Listed records: Begin

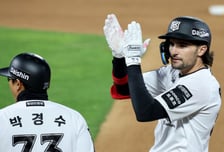 [포토] '3회말 1타점 적시타' 힐리어드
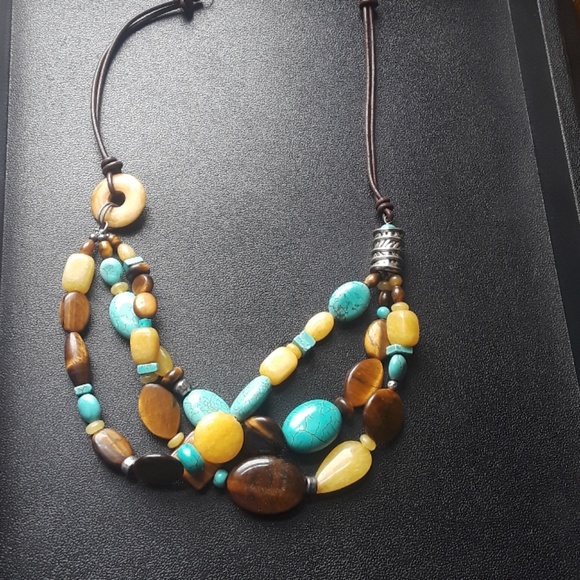 Necklace - Picture 1 of 2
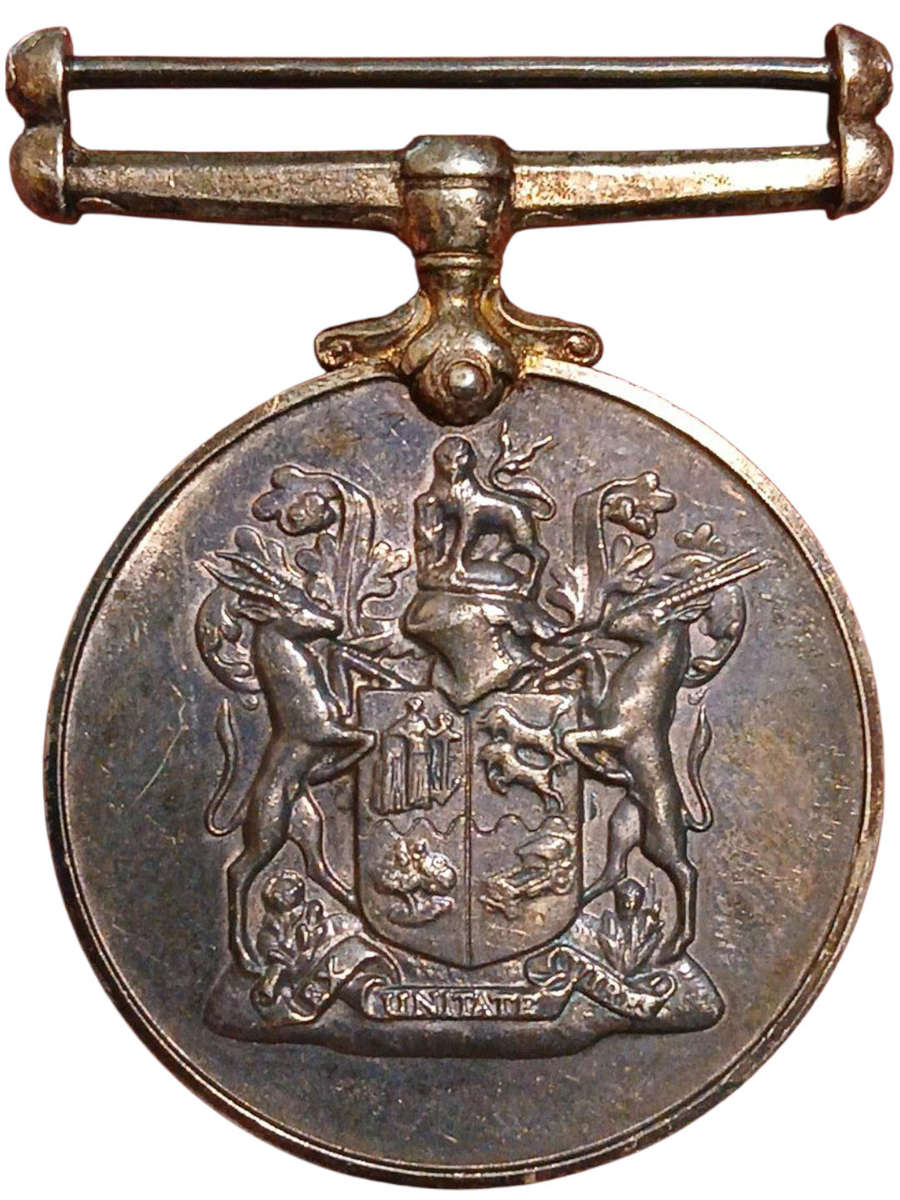 1946 Full Size .925 Silver South African War Services Medal without Ribbon,un-issued 36mm 33,6g, [Si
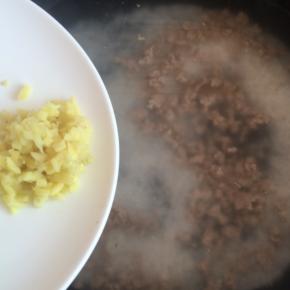放入姜末。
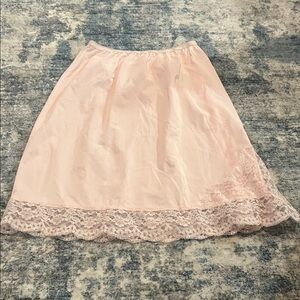 Vintage Elegant Pink Lace Trim Slip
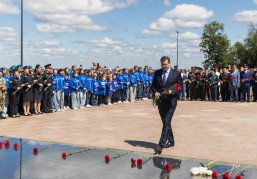 Глеб Никитин: «Для всей нашей страны это была невероятная трагедия, последствия которой мы переживаем до сих пор» Глеб Никитин: «Для всей нашей страны это была невероятная трагедия, последствия которой мы переживаем до сих пор»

Listed records: End

Problem to work on.
Repeat exactly the lines in the entries from the one containing "Necklace - Picture 1 of 2" to the final line, inclusive, and nothing beyond them; skip pictures.

Solution.
 Necklace - Picture 1 of 2
 1946 Full Size .925 Silver South African War Services Medal without Ribbon,un-issued 36mm 33,6g, [Si
放入姜末。
 Vintage Elegant Pink Lace Trim Slip
 Глеб Никитин: «Для всей нашей страны это была невероятная трагедия, последствия которой мы переживаем до сих пор» Глеб Никитин: «Для всей нашей страны это была невероятная трагедия, последствия которой мы переживаем до сих пор»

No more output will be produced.